[Captioned web image data]
◇ ◇ ◇ ◇ ◇
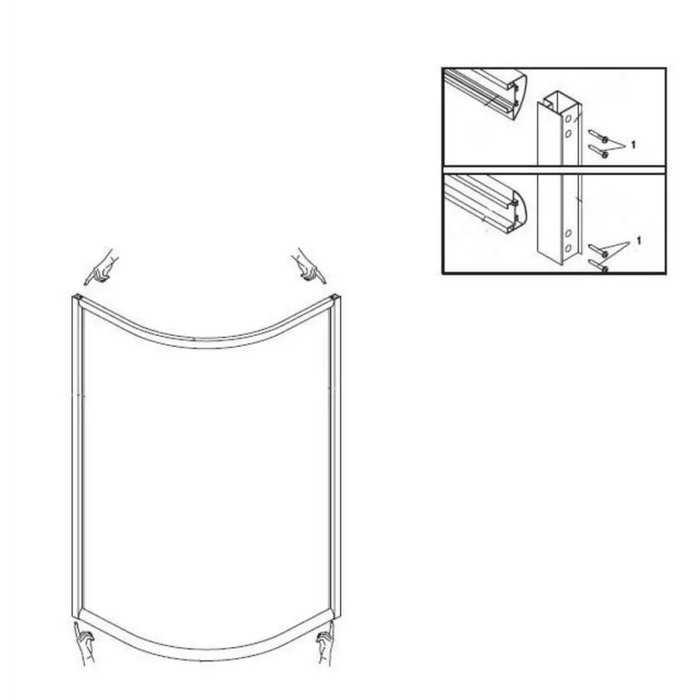 ДУШ КАБИНА 90Х90СМ СТЪКЛ. МАТ
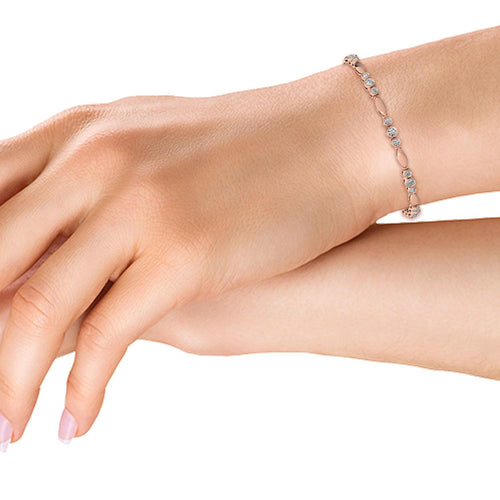 Aurelie sculpted link lab grown diamond bracelet in rose gold - view 2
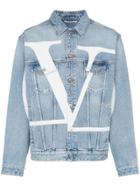 Valentino Large Logo Denim Jacket - Blue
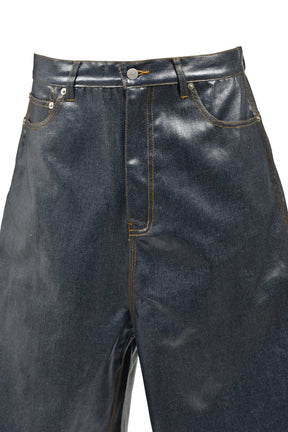 COATING SHINY RIGID DENIM SHORTS / IND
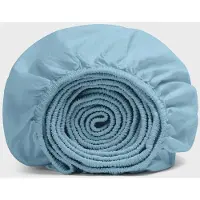 Yumeko Hoeslaken Gewassen Percal Katoen 180x210 Blauw - Eco, Bio & Fairtrade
◇ ◇ ◇ ◇ ◇
The task: Please output only the lines running from the one that holds "COATING SHINY RIGID DENIM SHORTS / IND" through the last line of the entries, both ends included, without any images.

Solution to this exercise:
 COATING SHINY RIGID DENIM SHORTS / IND
 Yumeko Hoeslaken Gewassen Percal Katoen 180x210 Blauw - Eco, Bio & Fairtrade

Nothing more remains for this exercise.